Ms Smith met a Muslim friend of Ms Duffy’s husband and decided she would marry him. Ms Duffy said she warned Ms Smith that it was “way too soon” but the marriage went ahead anyway. It lasted a couple of weeks, Ms Duffy said, and ended because Ms Smith felt her husband wasn’t religious enough.

Later Ms Smith began speaking to people online and became withdrawn. She said the things Ms Smith spoke about didn’t interest the other Muslims in the group and she was becoming more argumentative and even offensive. “The friendship started going, I just couldn’t listen to her,” Ms Duffy said.

Ms Smith moved out and Ms Duffy didn’t contact her again.

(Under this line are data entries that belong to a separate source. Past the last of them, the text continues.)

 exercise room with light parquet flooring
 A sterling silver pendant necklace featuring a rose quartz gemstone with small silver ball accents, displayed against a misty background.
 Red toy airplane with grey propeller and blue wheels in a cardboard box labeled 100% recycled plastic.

She heard of Lisa Smith again in 2019 when the Irish media reported that she was being held in a camp in Syria.

Cross examination

Under cross examination Ms Duffy told defence counsel Michael O’Higgins SC that Ms Smith knew nothing of the fundamentals of Islam when she began coming to the mosque.

Mr O’Higgins said his client claims that if she was radicalised, Ms Duffy bears some responsibility. Ms Duffy replied: “No, in what way?”

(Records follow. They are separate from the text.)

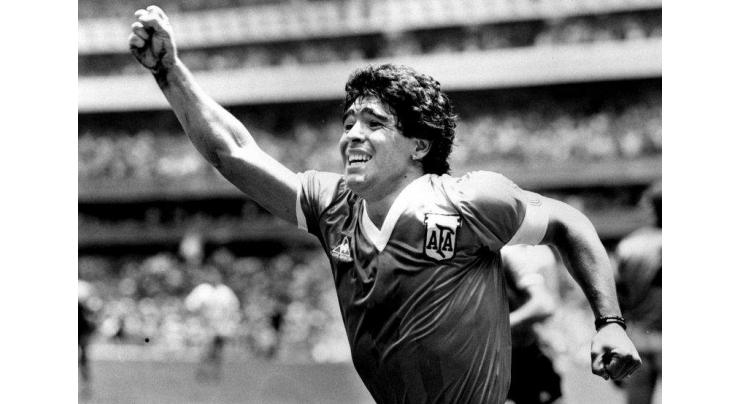 Argentines file in for Diego Maradona's wake in Buenos Aires
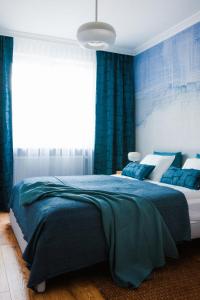 a bedroom with a large bed with blue curtains at Apartamenty Blue in Biała Podlaska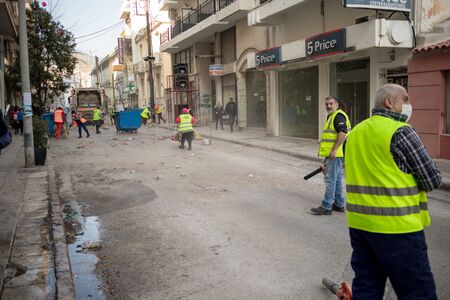 XANTHI, GREECE - MARCH 10, 2019: Cleaners take care of the colorful garbage right after parade of famous Greek carnival where people participate annually on city streets in thematic festival outfitsのeditorial素材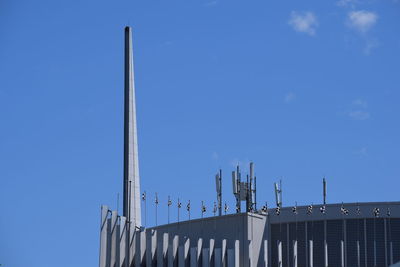 Low angle view of building against blue sky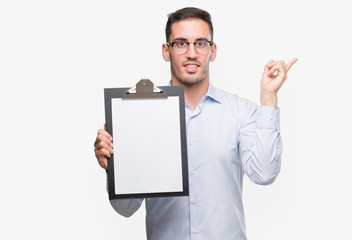 Sticker - Handsome young business man showing a clipboard very happy pointing with hand and finger to the side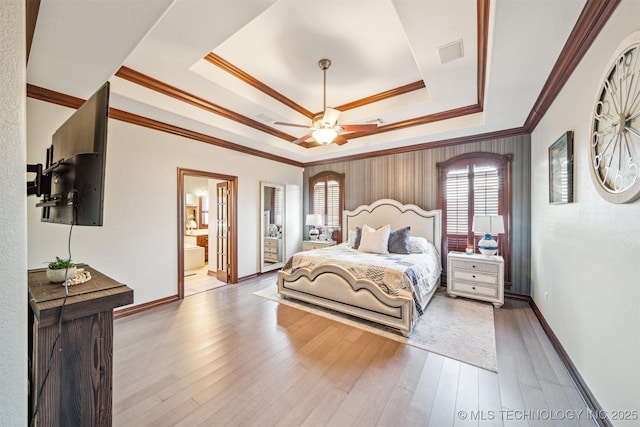 bedroom with baseboards, ensuite bathroom, crown molding, a raised ceiling, and wood finished floors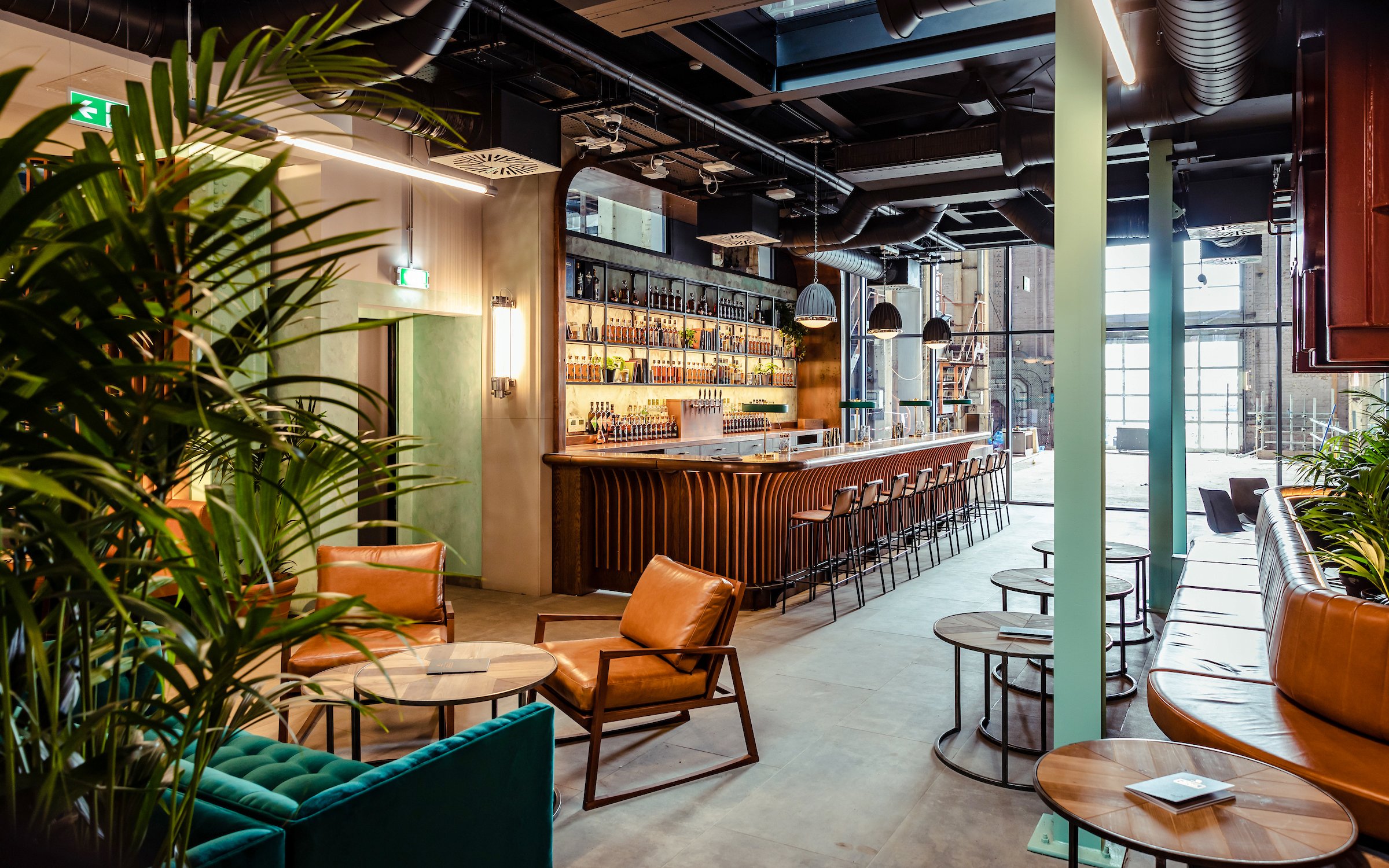 Roe & Co Distillery bar area with seating and modern decor.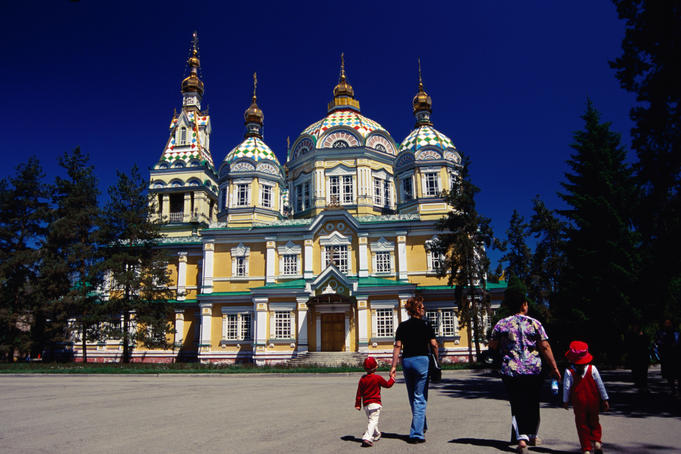 Family walking outside Zenkov Cathedral in Panfilov Park.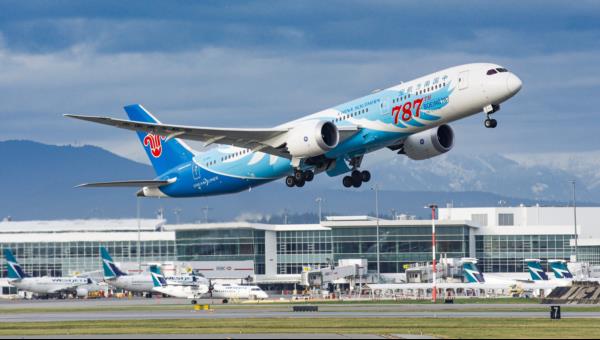 A China Southern Boeing 787 departing 08R as seen from the South Terminal Viewing Platform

Mr O’Higgins asked if she had discussed wars in which Muslims were involved, the mujahideen in Afghanistan or theories that the Americans knew of the 9/11 plot to fly aeroplanes into American buildings, but did not prevent it because it suited their longer term political aims.

Ms Duffy said she discussed such issues with Ms Smith because Muslims were regularly asked about those things and need to be able to discuss them. She denied ever suggesting that the US knew in advance about the 9/11 attacks, a theory that she said is “ridiculous”. She said she does not “hold with suicide bombing”, adding: “I don’t agree with anything like that, as a human and as a Muslim. It is wrong.”

She said she did speak to Ms Smith about jihad but added that there is a “spiritual jihad” as opposed to the holy war jihad, which she said does not exist and has not existed for a long time. She said she spoke to Ms Smith about what jihad was in the time of the prophet Muhammad.

Mr O’Higgins said his client believes Ms Duffy took her under her wing and “filled her head full of ideas”.

Ms Duffy responded: “I taught what Islam, the Koran and hadiths and sunnah say. If she has interpreted that in a certain way, I think she interpreted it in the way she wanted to.”

Under re-examination, Ms Duffy told Mr Gillane that she never expressed positive views of the 9/11 attacks or of suicide bombings.

She said Ms Smith was naive because instead of studying she “blindly followed what was said on the internet”.

She said Ms Smith was vulnerable because before coming into the religion she was heartbroken and was trying “maybe to get back with the man she loved, that if she was a Muslim that maybe he would want her.” She said she believes a man Ms Smith spoke to on the internet “pulled on her heartstrings a little bit and she went with it. She was vulnerable, her heart was broken, and she was very naive”.

The trial continues tomorrow before Mr Justice Tony Hunt presiding, with Judge Gerard Griffin and Judge Cormac Dunne at the three-judge, non-jury court.